I get it, totally, that you’re frustrated because managing your son’s health, his permit and his education, all of which seem intertwined, has become such a long-winded, time-consuming process. If I were in your mocassins, I think I'd be frazzled!

On the one hand, there’s the law, and the prescribed requirements, and you have to fulfil those, always, fully. Some parts of some laws allow for an exception for “Härtefall”, i.e. a special case in which fulfilling the law to the letter would cause an unreasonable hardship. Whether or not your son’s case would be deemed so, I do not know, and will PM you the name of a lawyer who combines her understanding of the law with a sense of social compassion, and who may be able to advise you.

On the other hand, there’s the culture, the way the wheels turn in Switzerland. I know you’ve been here for a while, but I think that – for most of us long-termers – when we feel pushed into a corner, we risk that our original culture may rise up in conflict with the Swiss way. I’m trying to be gentle, yet to point out a few things which I think might annoy a Swiss official, and so suggest ways that you could Swissify what you’re asking for.
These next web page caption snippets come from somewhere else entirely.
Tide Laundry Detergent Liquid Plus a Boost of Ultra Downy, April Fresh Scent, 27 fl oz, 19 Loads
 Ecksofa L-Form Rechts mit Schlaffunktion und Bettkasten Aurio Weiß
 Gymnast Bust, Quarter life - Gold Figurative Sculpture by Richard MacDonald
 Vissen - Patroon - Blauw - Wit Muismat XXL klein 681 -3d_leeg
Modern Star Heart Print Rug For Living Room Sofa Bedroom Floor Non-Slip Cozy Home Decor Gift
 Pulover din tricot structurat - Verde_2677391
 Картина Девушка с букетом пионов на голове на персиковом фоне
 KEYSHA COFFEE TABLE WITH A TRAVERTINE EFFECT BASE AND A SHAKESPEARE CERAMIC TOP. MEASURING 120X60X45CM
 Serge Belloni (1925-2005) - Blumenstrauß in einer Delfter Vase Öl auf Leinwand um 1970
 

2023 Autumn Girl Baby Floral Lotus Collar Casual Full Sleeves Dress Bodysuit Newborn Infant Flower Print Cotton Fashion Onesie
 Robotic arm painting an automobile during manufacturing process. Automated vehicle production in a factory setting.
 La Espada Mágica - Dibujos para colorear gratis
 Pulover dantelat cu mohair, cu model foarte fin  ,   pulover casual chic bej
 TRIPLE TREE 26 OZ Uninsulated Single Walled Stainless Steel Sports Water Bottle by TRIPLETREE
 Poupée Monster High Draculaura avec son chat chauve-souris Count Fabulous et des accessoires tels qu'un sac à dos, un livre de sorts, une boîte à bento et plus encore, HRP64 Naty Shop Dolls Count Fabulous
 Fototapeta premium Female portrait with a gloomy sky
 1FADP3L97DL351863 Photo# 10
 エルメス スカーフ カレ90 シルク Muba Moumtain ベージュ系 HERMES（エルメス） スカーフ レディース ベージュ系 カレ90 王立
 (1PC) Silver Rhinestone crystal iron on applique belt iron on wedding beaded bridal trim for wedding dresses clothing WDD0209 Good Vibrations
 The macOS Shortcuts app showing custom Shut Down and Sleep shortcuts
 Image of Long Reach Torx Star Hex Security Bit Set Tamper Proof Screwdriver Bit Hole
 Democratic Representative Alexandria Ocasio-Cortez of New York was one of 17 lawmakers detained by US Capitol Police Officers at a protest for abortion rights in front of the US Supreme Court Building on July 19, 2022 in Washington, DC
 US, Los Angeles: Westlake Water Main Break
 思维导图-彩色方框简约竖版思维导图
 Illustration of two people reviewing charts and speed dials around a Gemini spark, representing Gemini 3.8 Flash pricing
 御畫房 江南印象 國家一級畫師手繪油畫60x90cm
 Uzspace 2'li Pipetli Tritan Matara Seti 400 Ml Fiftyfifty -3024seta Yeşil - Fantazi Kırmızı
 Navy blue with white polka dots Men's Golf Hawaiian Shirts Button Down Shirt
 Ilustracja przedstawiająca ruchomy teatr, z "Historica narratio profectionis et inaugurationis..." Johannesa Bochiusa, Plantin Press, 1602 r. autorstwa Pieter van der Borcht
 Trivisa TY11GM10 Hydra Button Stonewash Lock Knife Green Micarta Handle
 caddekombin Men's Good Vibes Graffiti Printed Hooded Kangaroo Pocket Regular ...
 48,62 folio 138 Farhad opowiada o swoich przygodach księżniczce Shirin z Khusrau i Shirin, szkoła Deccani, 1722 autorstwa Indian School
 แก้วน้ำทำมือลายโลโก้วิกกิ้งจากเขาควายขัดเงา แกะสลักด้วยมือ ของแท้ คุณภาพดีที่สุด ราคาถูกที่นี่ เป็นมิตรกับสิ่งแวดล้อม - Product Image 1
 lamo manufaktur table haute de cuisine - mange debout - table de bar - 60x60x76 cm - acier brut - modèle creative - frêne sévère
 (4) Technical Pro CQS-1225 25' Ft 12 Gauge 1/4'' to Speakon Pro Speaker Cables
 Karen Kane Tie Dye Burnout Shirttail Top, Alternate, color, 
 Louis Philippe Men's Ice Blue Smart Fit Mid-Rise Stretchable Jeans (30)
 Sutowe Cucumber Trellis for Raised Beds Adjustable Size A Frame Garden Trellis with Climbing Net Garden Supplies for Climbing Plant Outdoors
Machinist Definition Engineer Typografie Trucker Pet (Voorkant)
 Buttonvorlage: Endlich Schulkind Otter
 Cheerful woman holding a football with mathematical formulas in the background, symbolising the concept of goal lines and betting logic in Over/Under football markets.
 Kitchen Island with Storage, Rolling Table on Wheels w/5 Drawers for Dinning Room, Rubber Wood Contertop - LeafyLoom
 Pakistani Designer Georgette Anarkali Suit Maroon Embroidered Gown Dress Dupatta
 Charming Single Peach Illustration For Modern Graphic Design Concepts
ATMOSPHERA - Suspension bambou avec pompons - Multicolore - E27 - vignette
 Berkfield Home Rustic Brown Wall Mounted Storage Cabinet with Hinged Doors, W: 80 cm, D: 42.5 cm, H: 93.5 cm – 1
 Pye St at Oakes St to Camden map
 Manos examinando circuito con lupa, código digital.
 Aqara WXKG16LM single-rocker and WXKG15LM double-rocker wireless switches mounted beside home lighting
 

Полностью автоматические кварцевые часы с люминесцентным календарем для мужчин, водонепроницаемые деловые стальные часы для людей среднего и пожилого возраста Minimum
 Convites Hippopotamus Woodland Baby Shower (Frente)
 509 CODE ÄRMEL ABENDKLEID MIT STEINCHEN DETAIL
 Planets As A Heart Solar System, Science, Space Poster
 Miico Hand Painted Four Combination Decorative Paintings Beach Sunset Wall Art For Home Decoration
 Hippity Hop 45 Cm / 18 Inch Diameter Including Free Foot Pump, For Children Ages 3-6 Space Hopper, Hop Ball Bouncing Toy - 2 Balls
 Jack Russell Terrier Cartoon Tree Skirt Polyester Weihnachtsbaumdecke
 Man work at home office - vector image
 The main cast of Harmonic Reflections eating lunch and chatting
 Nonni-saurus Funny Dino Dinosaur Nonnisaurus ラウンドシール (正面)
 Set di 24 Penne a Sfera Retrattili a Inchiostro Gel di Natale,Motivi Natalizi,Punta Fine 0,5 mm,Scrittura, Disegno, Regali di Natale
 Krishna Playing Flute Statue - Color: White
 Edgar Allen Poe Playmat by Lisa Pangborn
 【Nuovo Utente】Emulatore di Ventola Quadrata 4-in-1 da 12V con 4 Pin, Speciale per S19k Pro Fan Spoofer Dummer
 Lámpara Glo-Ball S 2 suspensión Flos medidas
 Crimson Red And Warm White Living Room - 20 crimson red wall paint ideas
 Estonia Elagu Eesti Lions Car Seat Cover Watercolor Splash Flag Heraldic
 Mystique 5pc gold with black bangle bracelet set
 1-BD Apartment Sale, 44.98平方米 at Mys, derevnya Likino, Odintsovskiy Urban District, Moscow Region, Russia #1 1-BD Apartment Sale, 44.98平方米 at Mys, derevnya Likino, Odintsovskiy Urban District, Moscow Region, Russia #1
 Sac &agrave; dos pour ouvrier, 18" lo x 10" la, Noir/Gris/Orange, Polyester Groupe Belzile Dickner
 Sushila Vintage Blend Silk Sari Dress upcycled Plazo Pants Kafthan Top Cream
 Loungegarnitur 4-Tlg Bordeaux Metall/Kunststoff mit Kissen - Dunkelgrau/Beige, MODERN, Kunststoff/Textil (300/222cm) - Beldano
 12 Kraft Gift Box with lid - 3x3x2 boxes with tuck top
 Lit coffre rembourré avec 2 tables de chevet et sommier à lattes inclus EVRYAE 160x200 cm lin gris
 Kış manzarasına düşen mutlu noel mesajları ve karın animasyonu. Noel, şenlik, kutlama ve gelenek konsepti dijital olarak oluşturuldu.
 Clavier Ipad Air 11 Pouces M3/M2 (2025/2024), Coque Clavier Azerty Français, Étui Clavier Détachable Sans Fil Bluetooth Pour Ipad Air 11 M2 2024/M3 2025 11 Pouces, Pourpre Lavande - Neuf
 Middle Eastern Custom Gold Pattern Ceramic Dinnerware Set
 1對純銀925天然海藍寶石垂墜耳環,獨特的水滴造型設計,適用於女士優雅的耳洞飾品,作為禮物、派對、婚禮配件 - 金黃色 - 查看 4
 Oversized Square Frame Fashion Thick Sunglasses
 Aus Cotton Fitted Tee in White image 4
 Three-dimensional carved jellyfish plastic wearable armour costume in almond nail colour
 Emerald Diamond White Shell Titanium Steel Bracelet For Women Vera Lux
Please know that my aim is not to criticise, but to facilitate, if I can in any small way, your moving towards what you believe your son needs.

Understand that the Swiss do things in steps. Your heart, or your natural protective instinct as a parent, or your culture of origin, may have wanted a clear, once-and-for-all open-ended certificate that, since the boy had had an accident, he could be away from the country for however long it took to restore his vision as best possible. That’s understandably, since you want the very best options for him.

The “blank cheque” is, however, contrary to the Swiss culture. Here, careful perusal of the documents, slow evaluation, deliberate weighing up of the options, and solutions set until a certain date, to be revised later when some measurable criterion can be re-assessed, all these are esteemed. This is probably what seems to you like it is too “complicated”, yet here it is considered as being thorough and doing the job properly. Therefore, it may seem to you that nothing is happening, or that it’s not going well, when in fact the process is unfolding rather well… just methodically, step by step.

The Swiss authorities are not given to [rash] decisions, carte blanche permissions nor [wild] exceptions. And so it should be, since you yourself have said that the prognosis in your son’s case is not yet clear.